Books: The Outsider
With uncanny accuracy this poetic work struck the nerve of the times and called forth grateful rapture from a whole youthful generation who believed that an interpreter of their innermost life had risen from their own midst. . .
Who is the subject of that accolade? Allen Ginsberg? Bob Dylan? John Lennon? No; a German raveler of spiritual mysteries named Hermann Hesse, who died in 1962 at 85. His champion was Thomas Mann, and he was reflecting the impact of Hesse's 1919 novel, Demian, on German youth. Today Hesse is no longer so ardently esteemed in his native country, but in the past decade in the U.S. he has steadily risen to the status of a literary cult figure. College students rank him in the pantheon of literary gurus with Dostoevsky, Tolkien and Golding. In hippie hovels, those of his novels already available in EnglishSteppenwolf, Magister Ludi, Siddhartha, Demian, The Journey to the East, and Narcissus and Goldmundare family bibles. Another early Hesse novel, Beneath the Wheel (Farrar, Straus & Giroux; $4.95), has now appeared in English. It will undoubtedly attract his youthful admirers too, although it is less likely to arouse their admiration, since it is too labored and predictable.

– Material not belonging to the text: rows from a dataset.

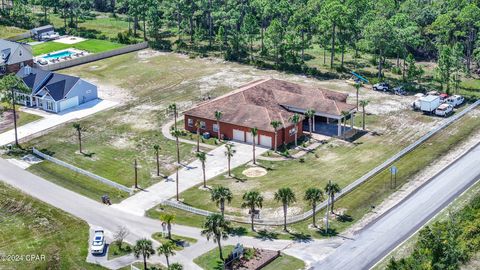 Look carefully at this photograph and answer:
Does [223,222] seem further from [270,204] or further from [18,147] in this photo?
[18,147]

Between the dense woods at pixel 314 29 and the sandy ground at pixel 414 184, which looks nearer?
the sandy ground at pixel 414 184

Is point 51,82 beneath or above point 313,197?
above

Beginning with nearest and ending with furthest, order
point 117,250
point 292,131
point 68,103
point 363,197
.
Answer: point 117,250
point 363,197
point 292,131
point 68,103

What seems to attract young people nowadays is Hesse's preoccupation with Eastern mysticism and his soul-racked characters, who suffer from that now common malaise of the under-30 generation, the identity crisis. Not far from the Berkeley campus, a favorite hangout is a beer joint called Steppenwolf, so named by its original owner (Max Scherr) because that novel symbolizes the loneliness of the intellectual. At Harvard, where Hesse's books sell better than any of his contemporaries except Faulkner, Senior Joel Kramer says: "Reading him is a gut, emotional experience." Adds Harvard Graduate Student Mark Granovetter: "Well, he was the first hippie, wasn't he?"
True Profession. Not quite. Hesse's parents were Protestant missionaries, and so it was assumed that he would be a minister. At 14, however, the stultifying confinement of school sent him fleeing from the Maulbronn seminary in Swabia. Unable to find a meaning in his life, unhappy with a rigid German society that seemed to crush his artistic sensibilities, he tried to commit suicide. His parents responded by sending him first to a faith healer, then to a school for the mentally retarded. In 1911, he visited India on a spiritual quest. World War I was a "gut, emotional, experience" for Hesse; renouncing German authoritarianism, he joined the pacifist Romain Rolland in writing antiwar tracts, and as a result fell into political, social and literary disfavor.
During this period, his first marriage broke up, he underwent a course of psychiatric treatment with a disciple of Jung in a sanatorium near Lucerne. From 1912, he lived in Switzerland, where, until his death, he continued his spiritual struggle. "The true profession of a man," he said, "is to find his way to himself. I have become a writer, but I have not become a human being." This obsession was to be the driving factor in all of his novels.